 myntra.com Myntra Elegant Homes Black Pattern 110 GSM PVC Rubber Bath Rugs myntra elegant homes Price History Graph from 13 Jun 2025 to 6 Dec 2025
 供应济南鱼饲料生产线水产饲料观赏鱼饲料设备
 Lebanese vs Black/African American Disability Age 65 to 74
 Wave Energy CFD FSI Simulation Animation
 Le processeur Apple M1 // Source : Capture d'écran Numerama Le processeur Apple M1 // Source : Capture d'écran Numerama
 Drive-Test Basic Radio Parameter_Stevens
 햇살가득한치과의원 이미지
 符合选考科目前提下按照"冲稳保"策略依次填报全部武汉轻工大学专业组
####################
Task directions: Starting at the line that contains "햇살가득한치과의원 이미지", retype each remaining line of the records exactly; that line and the last line are both included.

Response to this task:
 햇살가득한치과의원 이미지
 符合选考科目前提下按照"冲稳保"策略依次填报全部武汉轻工大学专业组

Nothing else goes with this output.